I’m unable to decide if these trousers are highly amusing or chic
“You make the starter, while I do my mascara,” I shout.
“I’ll shave, while you iron my trousers,” he says, appearing in front of me and staring down at his legs in dismay.
“Iron your own trousers,” I say, “I’ve got my own trousers to worry about.”
He gives my trousers a funny look.
“Trousers?” he says.
“Yes,” I say, “culottes are trousers, they’re just cut full to resemble a skirt.”
8.20pm.
I’m in the kitchen, fully dressed.
“Definitely not my best effort,” he says, entering the kitchen and pointing down at his crumpled trousers.
“Definitely not mine either,” I say, grinding pepper into the starter, over by the sink.
He looks over my shoulder into the bowl of shellfish.
“Yeah,” he says, “they do look a bit sort of loose and flarey.”
“Loose and flarey?” I say, looking down at the shellfish, “what are you talking about?”
“Your trousers,” he says, “why, what were you talking about?”
“The starter,” I say.
8.45pm.
We’re in the car. I’m unable to decide whether these trousers are highly amusing or chic.
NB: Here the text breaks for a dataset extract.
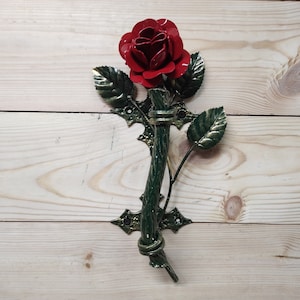 Door handle, metal handle, Rose, Flower door handle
“The jury is out on these trousers,” I say.
“To be honest,” my husband says, changing gear, “I’ve never been keen on shallots [sic].”
11pm.
My husband is at the dinner table, telling a true story about testicular torsion. This story has been playing on his mind ever since my sister, a nurse, told it to him yesterday.
“What’s testicular torsion?” the men all ask with anxious expressions.
“It’s when a testicle rotates,” he says, “it twists the spermatic cord and the reduced blood flow causes instant pain- unbelievably severe and massive swelling. It happened to this man just as he was getting up from the sofa. He was wearing baggy tracksuit bottoms at the time.”
The host looks at my trousers.
“He just shot out of the sofa,” I say, “and didn’t have time to uncross his legs. One of his balls got left behind.”
“I don’t understand,” a woman says, “what you mean by left behind, exactly.”
My husband explains until everyone is quite satisfied.
“It can just happen,” my husband concludes, “when you make a sudden movement like that in loose trousers. One of his balls is like a balloon now, apparently.”
The host looks at my trousers again. I fear he is not the only one.
Perhaps my trousers have simply become a useful visual tool for imagining a left-behind testicle - a lone balloon - in tracksuit bottoms. I hope this is the case; I hope it is not the case that the grand jury is out on my trousers.
2am.
“Just out of interest,” the host says as I am walking towards the front door, “what’s with the pants? No offence, but do they have a name, like?”
I must answer quickly, before my husband says, “shallots.”
“Palazzo pants,” I say, with as much dignity and authority as anyone can muster after half a bottle of wine, when they fear their trousers are highly amusing.
2.01am.
The verdict is in: ”Sure they can call them what they like in Italy,” he says, “but we call those clown pants over here.”